Crisis and Change
Home Rule’s prominent figurehead John Redmond died in March 1918 at the close of the Convention, John Dillon taking over the IPP leadership. In April the German Spring Offensive overran the Allied front causing a severe manpower shortage which resulted in a clumsy cabinet dual policy decision by Lloyd George linking implementing Home Rule with extending conscription to Ireland. The Irish party withdrew in protest from Westminster and returned to Ireland to join forces with other national organisations in massed anti-conscription demonstrations in Dublin. Although conscription was never enforced after America’s late intervention in the war guaranteed a supply of fresh troops, the threat of conscription radicalised Irish politics. Sinn Féin, the political arm of the Volunteer insurgents, had public opinion believe that they alone had prevented conscription.
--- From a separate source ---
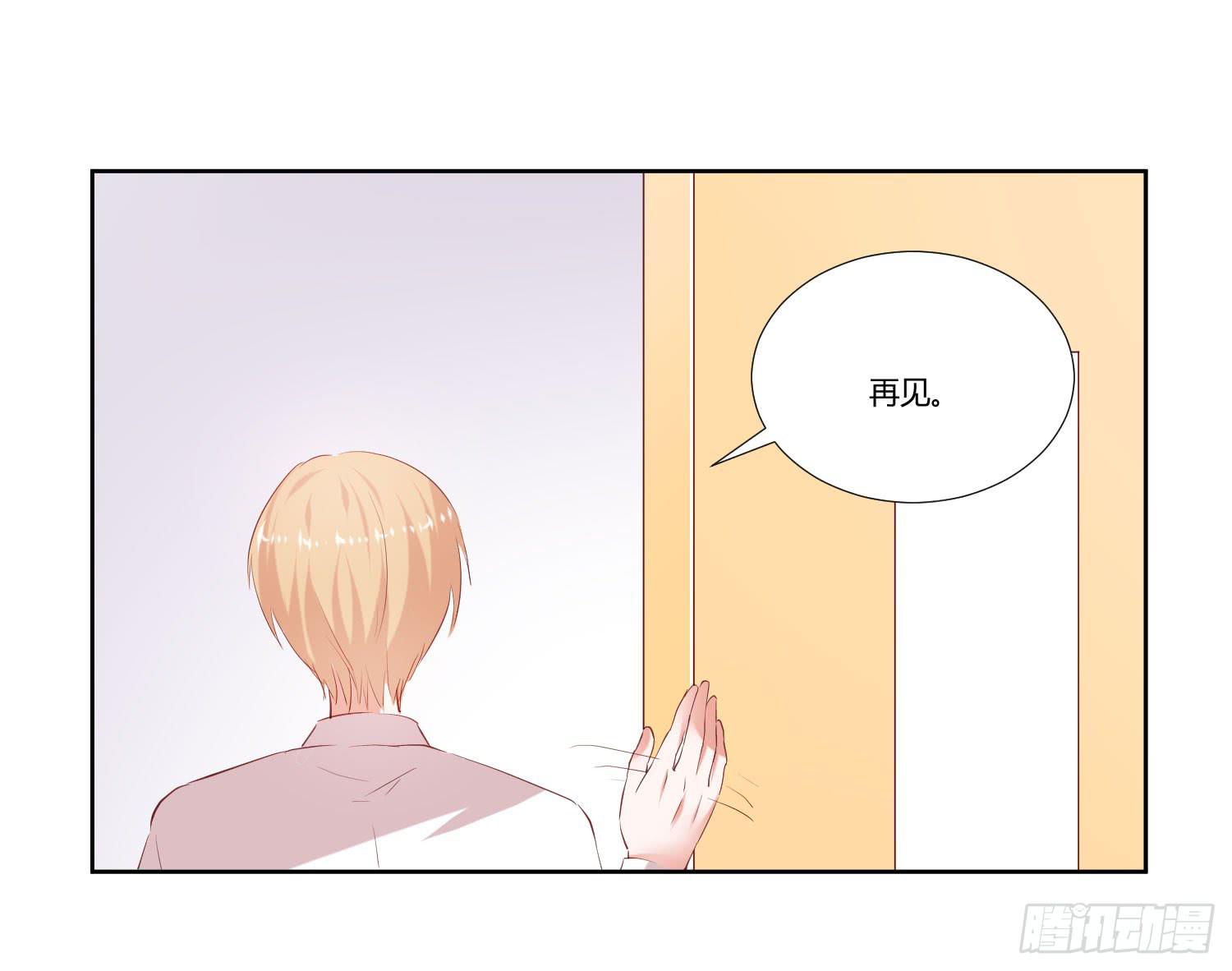 《弱气校草追爱记》师父真是奇怪 第3页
The Irish party held its own and returned its candidates in by-elections up to the end of 1916, the last in the West-Cork by-election of October 1916. The tide then changed after it lost three by-elections in 1917 to the more physical-force republican Sinn Féin movement, which in the mean time had built up 1,500 organised clubs around Ireland and exceeded the strength of the old UIL, most of the latter members now joining the new movement. At the end of the war in November 1918 when elections were announced for the December general election, the Irish electorate of nearly two million had a threefold increase due to a new Representation of the People Act. Women were granted franchise for the first time (confined to those over thirty) and a vote to every male over twenty-one years of age. This increased the number of voters from 30% to 75% of all adults.